By Will GrayMarch 19, 2018, 6:22 pm

Karrie Webb's streak of consecutive appearances at the U.S. Women's Open will continue this summer.

The USGA announced Monday that the 43-year-old Aussie has been granted a special exemption into this year's event, held May 31-June 3 at Shoal Creek in Alabama. Webb, a winner in both 2000 and 2001, has qualified for the event on merit every year since 2011 when her 10-year exemption for her second victory ended.

"As a past champion, I'm very grateful and excited to accept the USGA's special exemption into this year's U.S. Women's Open," Webb said in a release. "I have always loved competing in the U.S. Women's Open and being tested on some of the best courses in the country."

Webb has played in the tournament every year since 1996, the longest such active streak, meaning that this summer will mark her 23rd consecutive appearance.
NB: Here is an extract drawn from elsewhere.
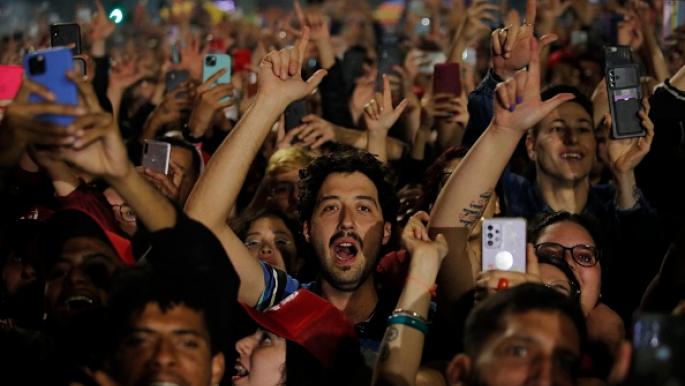 لولا يتصدّر وبولسونارو يقاوم والبرازيل نحو جولة ثانية من الانتخابات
She has made the U.S. Women's Open cut each of the last 10 years, never finishing outside the top 50 in that span.

Webb's exemption is the first handed out by the USGA since 2016, when Se Ri Pak received an invite to play at CordeValle. Prior to that the two most recent special exemptions went to Juli Inkster (2013) and Laura Davies (2009). The highest finish by a woman playing on a special exemption came in 1994, when Amy Alcott finished sixth.